Menurut Narsidah, pegiat buruh migran Seruni Banyumas, selama ini peran desa sering dilewati oleh para calo ketika melakukan perekrutan warga desa yang menjadi calon buruh migran. Hal seperti ini bisa diminamilisir jika desa paham dengan kewenangan dan peran yang dimiliki.
“Desa harus paham kewenangan dan landasan hukumnya dulu. Sehingga penerapannya kepada masyarakat atau warganya yang menjadi buruh migran juga punya landasan,” ungkap Narsidah.
Narsidah juga menambahkan, saat ini Kabupaten Banyumas sudah memiliki Perda Nomor 2 Tahun 2015 Tentang Perlindungan TKI. Dalam Perda ini diatur kewenangan dan peran pemerintah desa dalam perlindungan buruh migran.

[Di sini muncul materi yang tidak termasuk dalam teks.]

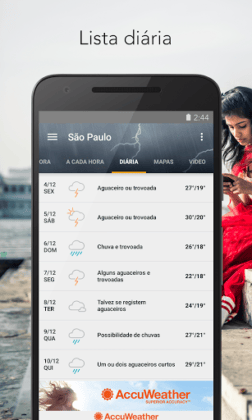 Previsão de tempo de Accuweather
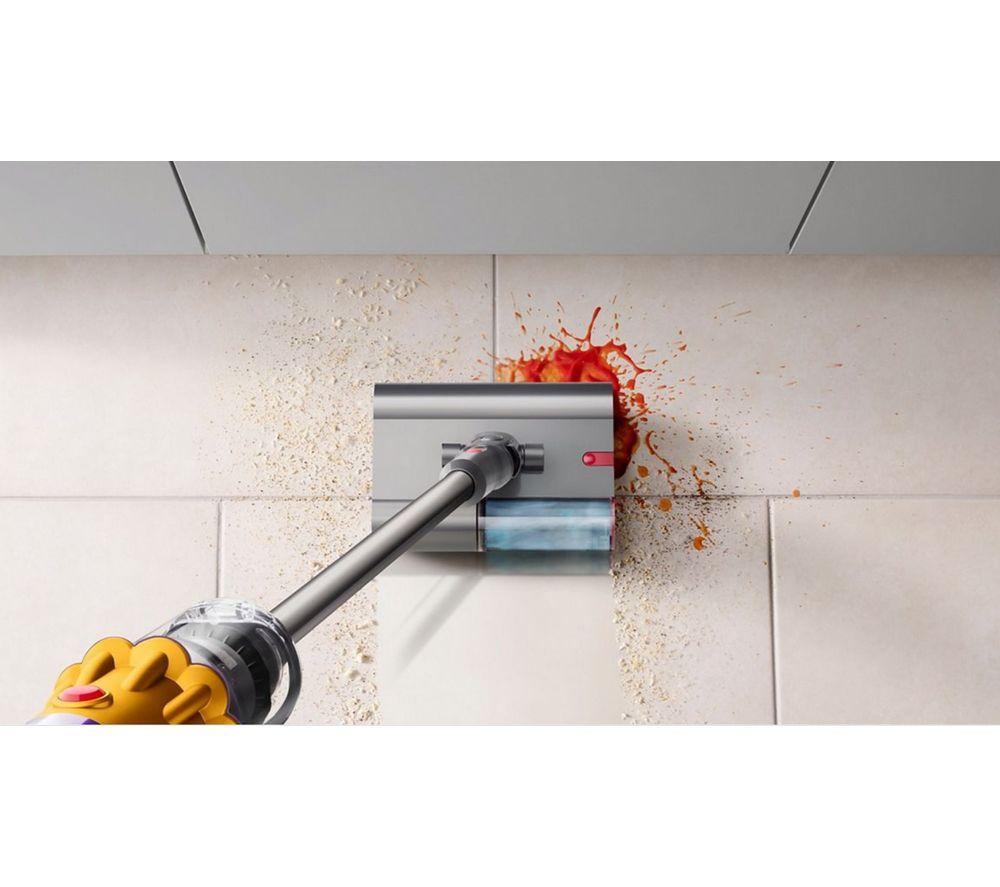 DYSON V12 Detect Slim Submarine Cordless Vacuum Cleaner - Nickel & Yellow image number 4 of 4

“Ada tiga muatan lokal yang penting dalam Perda ini, yakni peran pemerintah desa, hak keluarga buruh migran, dan ibu rumah tangga yang memiliki anak berumur kurang dari enam bulan tidak boleh diberangkatkan bekerja di luar negeri,” tambah Narsidah.
Kegiatan yang digagas oleh Paguyuban Buruh Migran Kecamatan Gumelar (Bumi Gumelar), bekerjasama dengan Pemerintah Desa, Pemerintah Kecamatan Gumelar dan Seruni Banyumas ini bertujuan untuk mensinergikan peran pemerintah desa dalam proses migrasi.
“Kegiatan diskusi atau rembug dengan pemerintah desa iakan menjadi program rutin Komunitas Bumi Gumelar, untuk sementara baru tiga desa yang kami koordinir, agar rembug desa peduli buruh migran ini lebih fokus. Rencana semua desa di Kecamatan Gumelar akan kami ikut sertakan, agar desa bisa berperan aktif dalam perlindungan terhadap calon buruh migran ataupun yang sudah menjadi buruh migran di luar negeri.” papar Rukun, salah satu pegiat Komunitas Bumi Gumelar.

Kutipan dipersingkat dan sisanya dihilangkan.